Even as the virtual world of cyberspace has become a ubiquitous part of daily life, measures to support individual privacy have scarcely kept pace. However, recent research by assistant professor Yoshi Kohno of the University of Washington’s Department of Computer Science and Engineering has illuminated new tactics for strengthening cybersecurity.
Kohno, along with fellow CSE assistant professor Magda Balazinska, shares this research in a new program debuting on UWTV this month, “The Cyberspace Data Explosion: Boon or Black Hole?”
“We are entering a very exciting world, a world where we have an unprecedented ability to collect near real-time information about our environment and about ourselves,” Balazinska explained. She then posed some big questions: “Do we have the ability to leverage all this data? What are the security implications of all these sensors deployed around us? How can we protect our privacy?”
|
Since its public inception in the 1990s, the Internet and its store of information have been host to a number of security breaches. A history of phished e-mail accounts and high-profile “cyber attacks” like the one on Google in December 2009 have made it clear that the firewalls around our computers are far from shatterproof.

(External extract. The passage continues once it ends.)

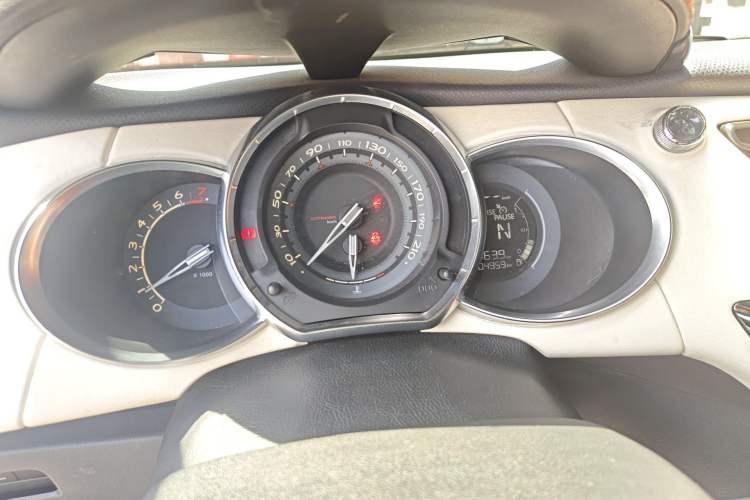 Used DS 3 2012 1.6L Supreme Edition Instrument Cluster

What researchers like Kohno are trying to develop is a method of filtering data into two categories: one which is saved, archived and protected in the long term, and another which the user has the power to essentially destroy.
“The Internet never forgets, so to speak,” Kohno mused. “E-mails we send today may live forever. Even if we think we delete the e-mail, those e-mails may still reside on backup tapes on some Web server, for example, at Google or Hotmail.”

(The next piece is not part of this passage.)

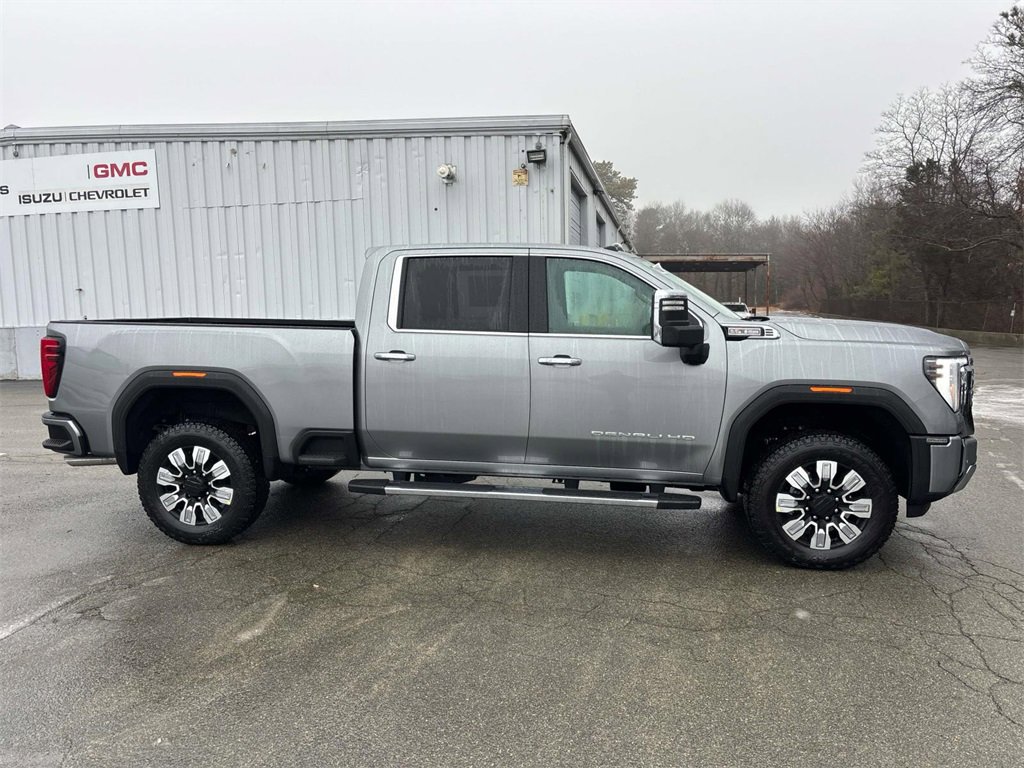 New 2026 GMC Sierra 3500 Denali w/ Denali Reserve Package image 2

Consequently, “this message will self-destruct” might become more than just espionage lingo. In fact, it’s one way that Kohno is trying to empower Internet users with greater control over the privacy of their data. Last year, he and other CSE researchers prototyped “Vanish,” a system, as the name implies, with the potential to automatically destroy data after a set time period.
Self-destructing data, whether e-mails or private Facebook messages, would not only be deleted from a single computer, but all other copies on different Web servers would also expire.

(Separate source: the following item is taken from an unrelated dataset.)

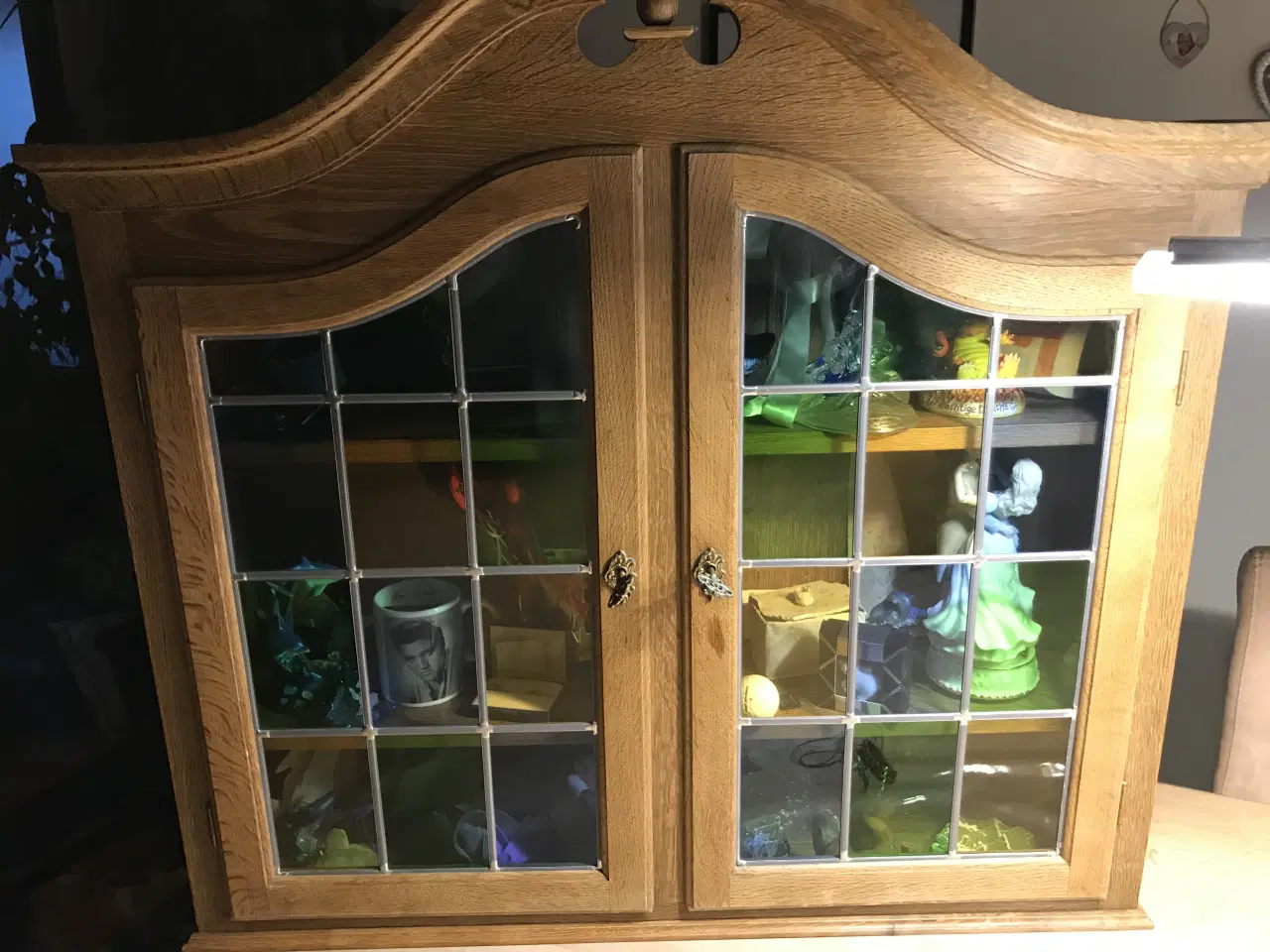 Billede 2 - Hængevitrine med farve glasvinduer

But restoring faith in Internet privacy is only the tip of the iceberg. “Typically, when people think of computer science, they think about the computers sitting on their desks or on their laps,” Kohno points out. Yet the places where computer science is more behind-the-scenes, such as the power grid, airlines and medical devices, are just as at risk to be compromised.
The implantable medical device (IMD) is one such technology that Kohno says he is particularly interested in because it is “outside the confines of the traditional desktop or laptop computer.”
To observe and treat physiological conditions within the body, IMDs, including pacemakers and cardiac defibrillators, increasingly rely on wireless communication systems for remote patient monitoring. That is, IMDs transfer information wirelessly to a computation center which is independent from the body.
Making the leap from the patient’s body to a distant monitoring system is the security sticking point. If the wireless signals were to be intercepted by a third party, a patient’s name, birth date and medical history could be revealed.
Fortunately, it is only as IMD technology evolves that such privacy violations will become truly relevant for patients. Nevertheless, this is the opportune moment for addressing security issues as Kohno, and researchers across the nation, look forward to next-generation devices.
While the evolution of computerized technology has forced us to grapple with many tough questions, none may be as pertinent as Balazinska’s query: “How can we protect our privacy?"